Convoy ZK 9 was to be escorted northwards. This convoy was made up of the following merchant vessels; American Robert Gray (7176 GRT, built 1942) (joined off Melbourne on 2 June), Stephen A. Douglas (7176 GRT, built 1942) (joined off Melbourne on 2 June), Australian Katoomba (9424 GRT, built 1913), Ormiston (5815 GRT, built 1922) and Dutch Japara (3323, built 1930) (joined off Melbourne on 2 June). Besides Tromp they were escorted by the US destroyer USS Selfridge (Cdr. C.D. Reynolds, USN) and the Australian sloop HMAS Warrego (Lt.Cdr. A.H. Green, RAN). (2)
4 Jun 1942
HrMs Tromp (Cdr. J.B. de Meester, RNN), the American destroyer USS Selfridge (Cdr.

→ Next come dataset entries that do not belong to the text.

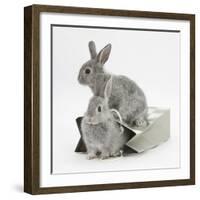 Two Baby Silver Rabbits in a Gift Bag-Mark Taylor-Framed Photographic Print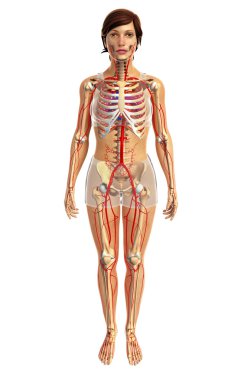 insan kalp anatomisi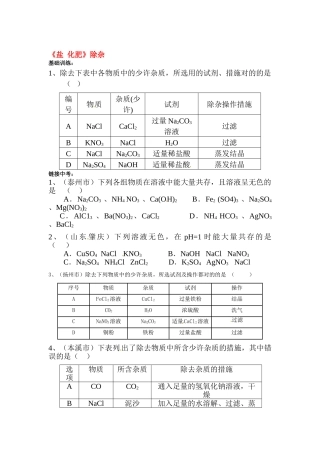 2025年九年级化学下册基础知识测试题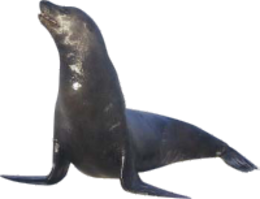 animals & Harbor seal free transparent png image.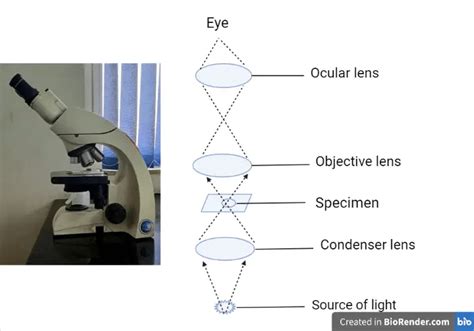 Working Mechanism Of Light Microscope Microbe Online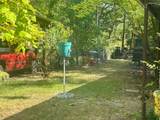 2480 County Road 44550 - Photo 5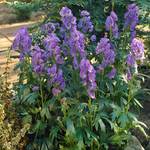  Aconitum carmichaelii 'Arendsii'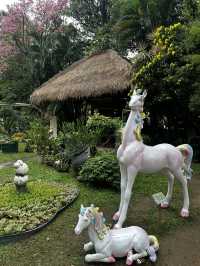 週末療癒提案！桃園雅聞魅力博覽館：迷迭香花園步道與玻璃屋植物探險 🌱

C.D. Reynolds, USN), the American merchant Stephen A. Douglas (7176 GRT, built 1942), the Australian merchant Stephen A. Douglas (7176 GRT, built 1942) and the Dutch Japara (3323, built 1930) split off from the convoy off Rockhampton and proceeded towards that harbour.
After fuelling Tromp and Selfridge departed for Sydney later the same day.
- File 2.12.03.6849 (Dutch Archives, The Hague, Netherlands)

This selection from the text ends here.